Inflation falls to lowest rate since March 2021

Consumer prices rose just 0.1 percent in May and are up 4 percent over the past year, according to key inflation data released Tuesday morning by the Labor Department.

Inflation as measured by the consumer price index (CPI) dropped sharply last month, bringing annual price growth down to its slowest pace since March 2021.

The drop in inflation will likely keep the Federal Reserve on track to pause its aggressive run of interest rate hikes Wednesday.

The Fed has hiked interest rates in consecutive meetings dating to March 2022, but it is likely to announce a temporary halt Wednesday following a two-day meeting in Washington, D.C.

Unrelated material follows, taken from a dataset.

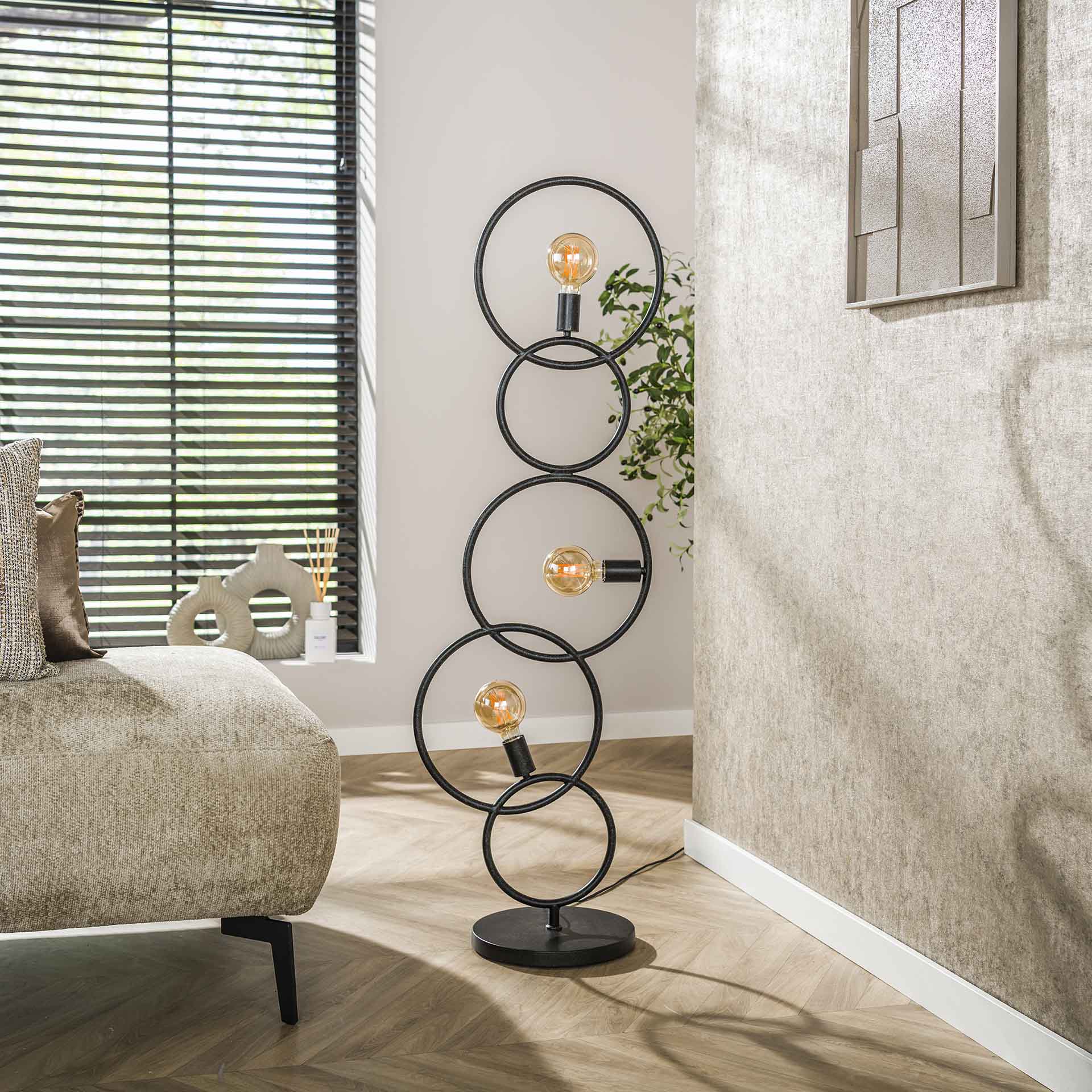 Moderne lefurn.de Stehlampe Loop mit geschwungenem Design und warmem Licht in hellem Wohnzimmer, Blick auf stilvolle Beleuchtung.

The annual inflation rate has dropped sharply since peaking at 9.1 percent in June after the Fed raised its baseline interest rate range by 5 percentage points since March 2021.

The broader U.S. economy has also slowed under the weight of rate hikes, but it has continued to add jobs at a stellar pace and maintain a low unemployment rate of 3.7 percent — just 0.2 percentage points higher than the pre-pandemic low of 3.5 percent.

Even so, the annual inflation rate is still roughly twice the Fed’s target of 2 percent, and several areas of the economy have yet to see slower price growth.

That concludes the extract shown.